The first printed map of Hampshire
By SAXTON, Christopher , 1579

[Hampshire] Southamtoniae comintatus (preter Insulas Victis Jersey et Garnsey quae sunt partes eiusdem comitatus) cum suis uniq. Confinibus, Oppidis, pagis, Vills et fluminibus, Vera descriptio

British Isles English Counties
  • Author: SAXTON, Christopher
  • Publication place: London
  • Publisher: Christopher Saxton
  • Publication date: 1579.
  • Physical description: Double-page engraved map, fine original hand-colour, contemporary annotation on verso in brown ink.
  • Dimensions: 420 by 550mm. (16.5 by 21.75 inches).
  • Inventory reference: 15361


In 1575, Christopher Saxton was authorised by the Queen’s Privy Council to survey and map the counties of England and Wales, a task which he had completed by 1579, when the resulting maps were compiled and published in his seminal Atlas of England and Wales. This map of Hampshire, or ‘Southamtonia’, presents the findings of Saxton’s survey, and is the first printed map of the county ever to have been created. The characteristic features of the county are depicted pictorially, with the mass of trees in the South West representing the New Forest, and the South Downs shown as a collection of hills in the centre. The city of Winchester is prominently expressed, with a small but intricate illustration of its cathedral, along with several bridges crossing the River Itchen. Saxton’s maps were designed both for ornamental purposes, as evidenced by the grand ships and questionable sea-creatures illustrated in the ocean, and to aid in administrative and defensive planning. For this reason, Hampshire’s many coastal inlets and rivers receive particular attention because of their importance in the case of a naval attack. Indeed, when the Spanish Armada approached in 1588, the beacons shown on the top of the coastal hills proved to be essential to the military in conveying information. While Saxton included certain significant features of the surrounding counties, the Isle of Wight, along the lower border is devoid of details beyond its Latin name. Such an omission is somewhat surprising given that John Rudd, to whom Saxton was apprenticed, had previously presented the Secretary of State, Lord Burghley, with a map of the island.

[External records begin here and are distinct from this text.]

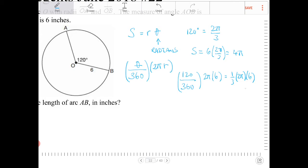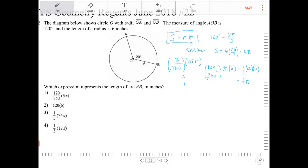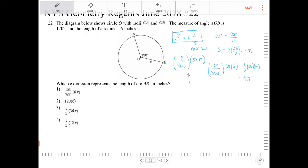Can you see now the computational work that this will lead you to the same conclusion as four pi? So actually, s equals r theta is a derivation from this proportion that we wrote here in degrees. However, with the understanding that by doing this, theta — what we're essentially doing is converting theta into radian measures. So the answer here is one-third of 12 pi, which is four pi.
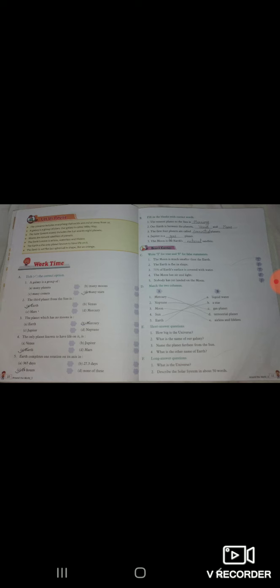Iske baad hum short answer dekhte hain, ismein aap log sirf short answer tyaar karenge beta. How big is the universe, universe kitna bada hai. What is the name of our galaxy, hamari galaxy ka kya naam hai. Name the planet farthest from the sun, ek aise planet ka hai jo sun se bohut door hai. What is the other name of the earth, earth ka doosra naam kya, earth ko aur hum kya keh sakte hain. Yeh ho gaya aapka first chapter.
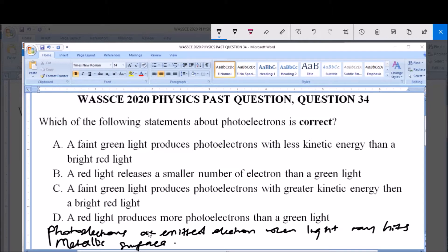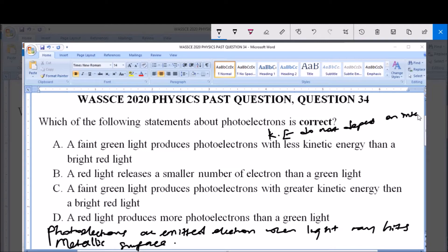Now, photoelectrons are emitted electrons and these photoelectrons have kinetic energy. The kinetic energy of photoelectrons — that is, the kinetic energy of emitted electrons — is independent; it does not depend on the intensity of the incident light.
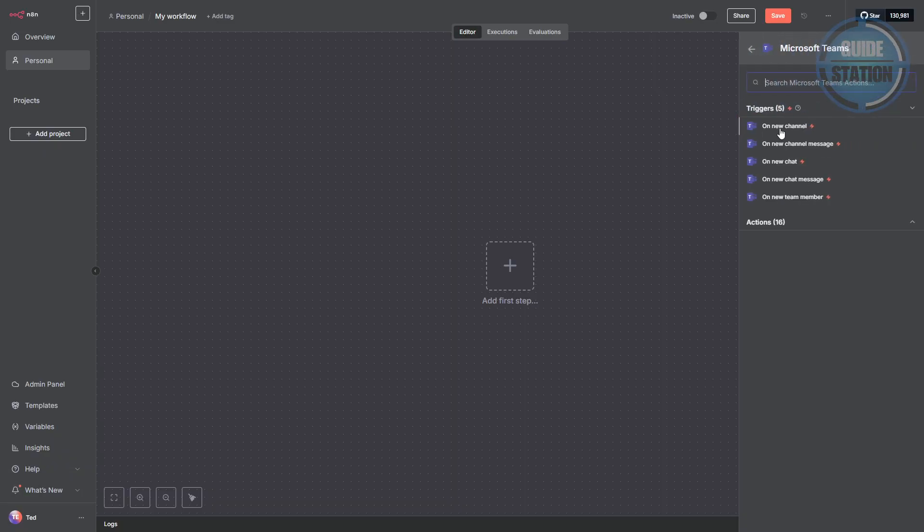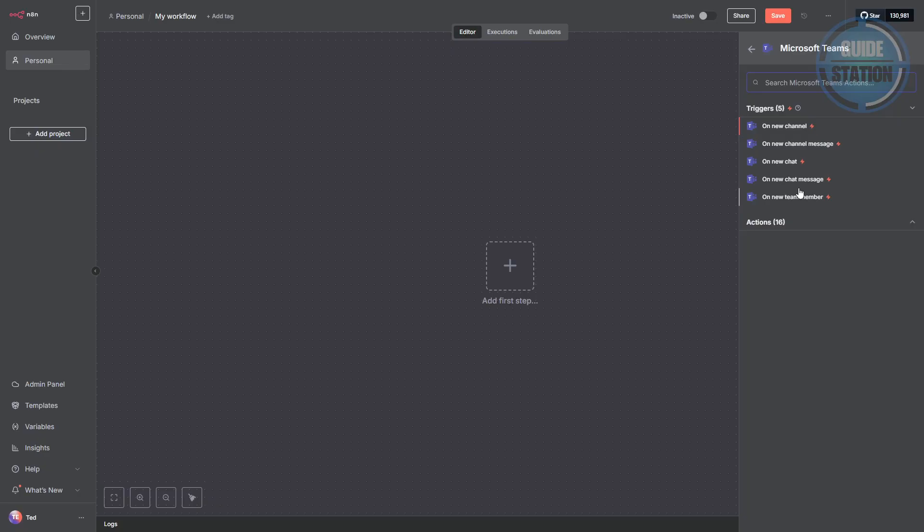From there, you'll get a list of actions you can choose from. You want to pick the option called create message.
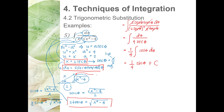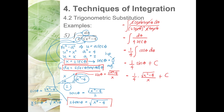From the right triangle: sin θ = opposite/hypotenuse = √(x²−4)/x. So the result is (1/4)·√(x²−4)/x + C. The final answer for example 5 is √(x²−4)/(4x) + C.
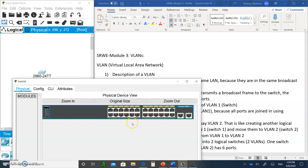Therefore, the switch is one broadcast domain. What we can do is split this switch software-wise into multiple VLANs. For example, let's say I take the first six ports and make VLAN 2 — I'll create VLAN 2 and take these six ports from VLAN 1 and move them into VLAN 2. So VLAN 1 will have 18 ports left in it, and VLAN 2 will have six ports in it, like having two switches.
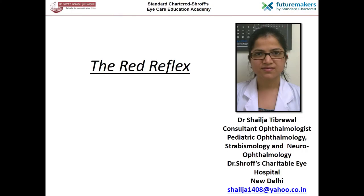Hello everyone. Today I am going to describe the red reflex of the eye and its clinical applications. The red reflex test is probably the most important tool in the armamentarium of a pediatrician or an ophthalmologist for detecting amblyopia risk factors in children, especially in the preschool age.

The map is ornamented with three elaborate cartouches, the most prominent containing the county name in Latin, surmounted by the royal coat-of-arms and motto, flanked by the English lion and Welsh dragon. Directly below this, the map’s scale is adorned with bold blue herons, and accompanied by a banner identifying Lanaert Terwoot as the engraver. On the right border of the map, a smaller cartouche contains information on the number of merchant towns and estates within Hampshire. In the lower right corner, the Seckford family crest is depicted with its early Latin motto, in tribute to Saxton’s patron, Thomas Seckford. To the right of this a small banner contains the name of the cartographer himself. Additionally, like all the maps in Saxton’s ‘Atlas of England and Wales’, this map bears his watermark, a bunch of grapes, to identify the work as original.